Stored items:
□ □ □ □ □

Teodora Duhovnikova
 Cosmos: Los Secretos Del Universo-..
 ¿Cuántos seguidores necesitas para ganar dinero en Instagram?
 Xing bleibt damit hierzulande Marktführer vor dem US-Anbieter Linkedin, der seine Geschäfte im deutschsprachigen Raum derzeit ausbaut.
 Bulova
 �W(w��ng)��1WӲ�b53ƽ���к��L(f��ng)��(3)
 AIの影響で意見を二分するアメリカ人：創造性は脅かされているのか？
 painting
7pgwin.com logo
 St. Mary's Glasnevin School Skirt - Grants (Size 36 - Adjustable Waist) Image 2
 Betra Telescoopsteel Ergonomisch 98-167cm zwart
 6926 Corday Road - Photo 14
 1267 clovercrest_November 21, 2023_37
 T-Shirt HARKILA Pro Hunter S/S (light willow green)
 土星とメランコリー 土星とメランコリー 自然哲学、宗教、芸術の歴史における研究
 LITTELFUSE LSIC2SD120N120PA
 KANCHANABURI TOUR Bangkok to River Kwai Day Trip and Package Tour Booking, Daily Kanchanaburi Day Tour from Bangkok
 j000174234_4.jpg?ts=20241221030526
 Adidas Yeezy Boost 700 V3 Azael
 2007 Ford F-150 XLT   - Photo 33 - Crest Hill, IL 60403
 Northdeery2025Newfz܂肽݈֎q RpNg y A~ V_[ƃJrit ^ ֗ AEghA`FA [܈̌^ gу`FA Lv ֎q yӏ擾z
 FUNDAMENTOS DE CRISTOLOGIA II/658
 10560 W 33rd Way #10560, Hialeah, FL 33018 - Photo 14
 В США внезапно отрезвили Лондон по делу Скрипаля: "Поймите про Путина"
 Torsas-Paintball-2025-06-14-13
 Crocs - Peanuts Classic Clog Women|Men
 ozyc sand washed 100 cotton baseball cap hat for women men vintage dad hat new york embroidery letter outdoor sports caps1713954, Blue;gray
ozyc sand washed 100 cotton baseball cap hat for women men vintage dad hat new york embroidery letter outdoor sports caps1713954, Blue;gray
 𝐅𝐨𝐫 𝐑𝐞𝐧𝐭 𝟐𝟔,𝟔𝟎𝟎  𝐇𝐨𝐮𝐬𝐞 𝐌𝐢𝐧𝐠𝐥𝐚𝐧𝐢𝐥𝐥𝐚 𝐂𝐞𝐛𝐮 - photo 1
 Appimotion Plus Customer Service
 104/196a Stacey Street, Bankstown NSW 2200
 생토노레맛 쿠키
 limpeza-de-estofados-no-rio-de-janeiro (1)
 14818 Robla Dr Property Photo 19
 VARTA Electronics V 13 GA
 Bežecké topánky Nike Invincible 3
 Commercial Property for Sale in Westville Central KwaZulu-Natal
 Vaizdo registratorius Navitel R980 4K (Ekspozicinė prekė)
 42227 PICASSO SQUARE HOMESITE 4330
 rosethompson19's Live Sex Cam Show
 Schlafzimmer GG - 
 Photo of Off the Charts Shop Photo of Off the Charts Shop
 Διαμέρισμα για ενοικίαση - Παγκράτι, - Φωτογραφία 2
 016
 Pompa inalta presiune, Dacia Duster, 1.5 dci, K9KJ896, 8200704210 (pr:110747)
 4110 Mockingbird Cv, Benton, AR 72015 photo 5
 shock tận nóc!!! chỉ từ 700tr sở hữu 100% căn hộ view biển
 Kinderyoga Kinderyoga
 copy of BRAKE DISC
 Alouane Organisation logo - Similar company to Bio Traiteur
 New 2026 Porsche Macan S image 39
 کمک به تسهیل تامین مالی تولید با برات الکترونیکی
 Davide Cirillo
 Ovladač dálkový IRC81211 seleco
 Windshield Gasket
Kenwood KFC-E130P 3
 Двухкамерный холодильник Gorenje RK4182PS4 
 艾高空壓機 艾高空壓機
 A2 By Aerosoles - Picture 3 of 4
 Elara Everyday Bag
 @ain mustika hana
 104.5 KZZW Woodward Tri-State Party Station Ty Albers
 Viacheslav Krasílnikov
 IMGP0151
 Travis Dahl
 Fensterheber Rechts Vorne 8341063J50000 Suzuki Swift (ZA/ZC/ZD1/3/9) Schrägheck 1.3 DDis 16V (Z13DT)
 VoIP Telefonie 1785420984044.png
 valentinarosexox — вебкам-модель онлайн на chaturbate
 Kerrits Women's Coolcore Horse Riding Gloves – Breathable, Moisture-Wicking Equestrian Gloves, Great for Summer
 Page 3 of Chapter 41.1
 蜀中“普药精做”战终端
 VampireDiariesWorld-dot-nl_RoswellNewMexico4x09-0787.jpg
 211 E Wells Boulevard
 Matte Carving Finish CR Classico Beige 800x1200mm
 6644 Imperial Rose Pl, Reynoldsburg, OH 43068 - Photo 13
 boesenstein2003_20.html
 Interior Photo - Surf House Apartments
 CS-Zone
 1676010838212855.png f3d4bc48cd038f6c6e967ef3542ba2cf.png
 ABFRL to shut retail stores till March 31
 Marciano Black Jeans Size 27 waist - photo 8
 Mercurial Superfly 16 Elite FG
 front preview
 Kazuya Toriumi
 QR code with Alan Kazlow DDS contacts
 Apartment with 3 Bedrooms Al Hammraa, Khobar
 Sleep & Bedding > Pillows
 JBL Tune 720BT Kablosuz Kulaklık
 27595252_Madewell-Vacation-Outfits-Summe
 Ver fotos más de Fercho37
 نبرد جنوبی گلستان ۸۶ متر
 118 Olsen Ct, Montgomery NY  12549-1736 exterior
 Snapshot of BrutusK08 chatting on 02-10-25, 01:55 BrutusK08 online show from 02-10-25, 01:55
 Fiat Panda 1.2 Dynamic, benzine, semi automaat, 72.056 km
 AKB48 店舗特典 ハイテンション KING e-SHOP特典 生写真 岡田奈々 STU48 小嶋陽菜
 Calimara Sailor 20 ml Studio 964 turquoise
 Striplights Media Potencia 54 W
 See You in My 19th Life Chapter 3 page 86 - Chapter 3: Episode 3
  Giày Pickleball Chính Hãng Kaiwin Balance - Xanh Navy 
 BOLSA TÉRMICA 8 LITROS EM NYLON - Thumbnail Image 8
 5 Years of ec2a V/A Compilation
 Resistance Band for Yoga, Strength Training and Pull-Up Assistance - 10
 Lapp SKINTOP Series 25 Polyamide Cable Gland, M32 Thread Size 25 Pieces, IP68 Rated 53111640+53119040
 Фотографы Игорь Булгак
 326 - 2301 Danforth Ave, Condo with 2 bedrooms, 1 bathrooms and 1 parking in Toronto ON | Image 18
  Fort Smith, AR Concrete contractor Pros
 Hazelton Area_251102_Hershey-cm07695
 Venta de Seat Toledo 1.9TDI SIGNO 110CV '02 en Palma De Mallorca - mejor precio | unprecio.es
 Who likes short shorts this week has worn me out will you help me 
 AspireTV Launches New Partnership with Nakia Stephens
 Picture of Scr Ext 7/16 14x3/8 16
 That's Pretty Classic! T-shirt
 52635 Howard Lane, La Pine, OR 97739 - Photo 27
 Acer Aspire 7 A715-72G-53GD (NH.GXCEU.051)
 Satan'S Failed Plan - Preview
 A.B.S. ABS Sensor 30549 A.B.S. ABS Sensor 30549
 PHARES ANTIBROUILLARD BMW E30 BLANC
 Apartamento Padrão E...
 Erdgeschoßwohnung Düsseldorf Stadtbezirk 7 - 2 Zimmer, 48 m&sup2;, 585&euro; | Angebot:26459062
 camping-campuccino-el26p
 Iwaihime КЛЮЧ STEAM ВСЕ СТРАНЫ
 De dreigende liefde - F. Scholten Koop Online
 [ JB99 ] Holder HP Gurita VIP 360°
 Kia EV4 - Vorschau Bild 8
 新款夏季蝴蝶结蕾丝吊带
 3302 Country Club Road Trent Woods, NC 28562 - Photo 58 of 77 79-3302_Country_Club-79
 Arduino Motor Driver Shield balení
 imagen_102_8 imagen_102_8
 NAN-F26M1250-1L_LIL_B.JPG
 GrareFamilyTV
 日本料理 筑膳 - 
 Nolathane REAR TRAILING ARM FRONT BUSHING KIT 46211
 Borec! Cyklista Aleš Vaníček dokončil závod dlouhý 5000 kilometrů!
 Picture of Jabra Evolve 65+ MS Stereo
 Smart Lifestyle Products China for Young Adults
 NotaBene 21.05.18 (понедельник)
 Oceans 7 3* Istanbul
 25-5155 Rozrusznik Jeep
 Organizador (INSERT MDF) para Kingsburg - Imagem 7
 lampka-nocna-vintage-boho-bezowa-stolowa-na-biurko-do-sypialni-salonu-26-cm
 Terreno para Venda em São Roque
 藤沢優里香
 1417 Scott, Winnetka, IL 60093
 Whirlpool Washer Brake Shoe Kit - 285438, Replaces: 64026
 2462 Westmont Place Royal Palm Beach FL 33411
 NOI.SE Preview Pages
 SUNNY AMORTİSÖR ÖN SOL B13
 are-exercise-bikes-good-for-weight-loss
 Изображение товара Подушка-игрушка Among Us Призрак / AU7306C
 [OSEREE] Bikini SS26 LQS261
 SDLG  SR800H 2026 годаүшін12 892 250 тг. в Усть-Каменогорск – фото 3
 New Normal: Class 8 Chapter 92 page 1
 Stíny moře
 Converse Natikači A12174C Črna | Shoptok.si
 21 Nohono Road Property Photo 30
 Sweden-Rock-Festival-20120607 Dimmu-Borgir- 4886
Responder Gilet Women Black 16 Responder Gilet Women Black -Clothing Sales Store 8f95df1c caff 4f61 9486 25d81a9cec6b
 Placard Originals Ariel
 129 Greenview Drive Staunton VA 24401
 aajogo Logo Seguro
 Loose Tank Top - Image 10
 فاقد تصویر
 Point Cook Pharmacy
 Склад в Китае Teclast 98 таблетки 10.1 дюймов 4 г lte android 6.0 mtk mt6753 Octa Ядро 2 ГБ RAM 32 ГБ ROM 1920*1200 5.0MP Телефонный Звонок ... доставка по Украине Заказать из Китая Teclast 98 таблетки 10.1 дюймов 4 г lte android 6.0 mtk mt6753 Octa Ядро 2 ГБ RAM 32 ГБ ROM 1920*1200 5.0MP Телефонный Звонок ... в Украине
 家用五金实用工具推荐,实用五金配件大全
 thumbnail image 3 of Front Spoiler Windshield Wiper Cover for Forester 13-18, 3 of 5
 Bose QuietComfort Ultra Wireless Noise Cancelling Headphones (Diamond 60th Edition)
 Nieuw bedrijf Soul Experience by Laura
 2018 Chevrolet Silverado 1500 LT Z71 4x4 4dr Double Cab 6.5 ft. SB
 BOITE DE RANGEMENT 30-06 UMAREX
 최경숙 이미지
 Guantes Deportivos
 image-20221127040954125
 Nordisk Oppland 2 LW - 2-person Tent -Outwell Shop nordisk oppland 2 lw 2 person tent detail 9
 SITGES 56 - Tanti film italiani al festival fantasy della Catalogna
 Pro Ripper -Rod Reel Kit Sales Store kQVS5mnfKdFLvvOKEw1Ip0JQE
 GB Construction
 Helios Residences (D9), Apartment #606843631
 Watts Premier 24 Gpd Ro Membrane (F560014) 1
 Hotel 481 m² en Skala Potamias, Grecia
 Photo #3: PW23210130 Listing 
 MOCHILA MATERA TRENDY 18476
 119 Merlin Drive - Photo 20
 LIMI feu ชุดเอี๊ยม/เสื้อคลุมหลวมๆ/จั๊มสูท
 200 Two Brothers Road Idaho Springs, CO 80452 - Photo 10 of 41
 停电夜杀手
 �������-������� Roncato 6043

□ □ □ □ □

WHAT THIS TASK INVOLVES ▸ Return each line among the entries that holds the word "Blue".

ANSWER BELOW ▸
 ozyc sand washed 100 cotton baseball cap hat for women men vintage dad hat new york embroidery letter outdoor sports caps1713954, Blue;gray
ozyc sand washed 100 cotton baseball cap hat for women men vintage dad hat new york embroidery letter outdoor sports caps1713954, Blue;gray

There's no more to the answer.